You know that thing adults do with babies, when they clap with a clapping baby and the baby gets excited so it claps too?  You can hear something like that happen sometimes in interviews.  A guest is explaining something of significance to them and their voice jumps in excitement or it becomes animated in some way.  That’s a good thing.  You want your guest to be excited about whatever it is they’re talking about.  What’s not so good is when the interviewer responds in a way that can sound contrived.  You’ve heard it.  Person A is describing something they care about and person B, not wanting to seem unenthusiastic, mirrors their excitement when it’s clear they’re aren’t excited at all.

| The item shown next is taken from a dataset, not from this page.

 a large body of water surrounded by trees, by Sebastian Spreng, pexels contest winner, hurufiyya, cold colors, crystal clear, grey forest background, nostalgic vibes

I wish interviewers wouldn’t do this.  And I don’t doubt that they probably wish they hadn’t done it the moment they do it.  But it’s understandable why they do it.  Reflecting the tone of voice and body language of the person you’re talking to are techniques not just of interviews but of good communication in general.  Humans are basic in that we want to feel an affinity with whom we’re sharing space and feelings.  So in a lot of ways, when we’re telling our own story, we’re not much different than that happy baby.  We just want to see a smiling face smiling back at us, affirming us.  But to the listener, it can sound like the investment isn’t so deep.

To me, this can be one of those dangers of interviewing, like a scratchy microphone or a hum that won’t go away.  Because as I’ve said before, the interview is a three way between you, the guest and the audience.  And even if the guest doesn’t hear the flatness in an interviewer’s effort to sound up, the audience certainly will.  And if it keeps happening, the audience will start to question the interviewer’s sincerity.

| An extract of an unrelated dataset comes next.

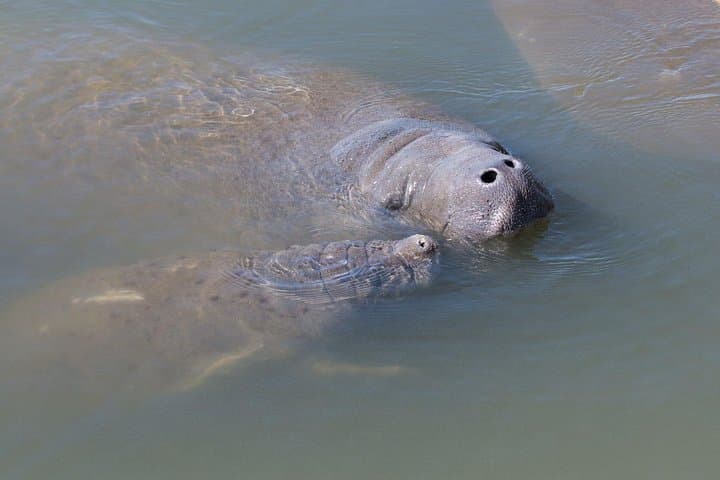 Paddle with Manatees and Dolphins on the Indian River: Cocoa Beach Kayak Tour photo 3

So if it’s happening, what can an interviewer do to fix it?  If they know they do it, they can maybe ask themselves is it just this guest, or have they hit a rut in their interviewing style?  If it’s the guest, maybe they can look for something the guest does that truly excites them.  Asking about that thing during the course of the conversation might help recharge the interviewer so that their questions and enthusiasm sound sincere.  But if it’s something they find themselves doing in all of their interviews, maybe they’ve hit a wall.  Maybe they’ve gotten a little bored.

A way they can try to fix it is to use a trick proofreaders are told catch mistakes; read the text backwards, starting at the period.  This turns the idea of reading on its head and causes one to pay a lot more attention.  Likewise, interviewers who are sounding tired can ask other interviewers to interview them for a change.  It’s a way to rediscover their own excitement for what they do as well as be the one doing the sharing.  Who knows, maybe they might be surprised to find some of it is even enthusiastic.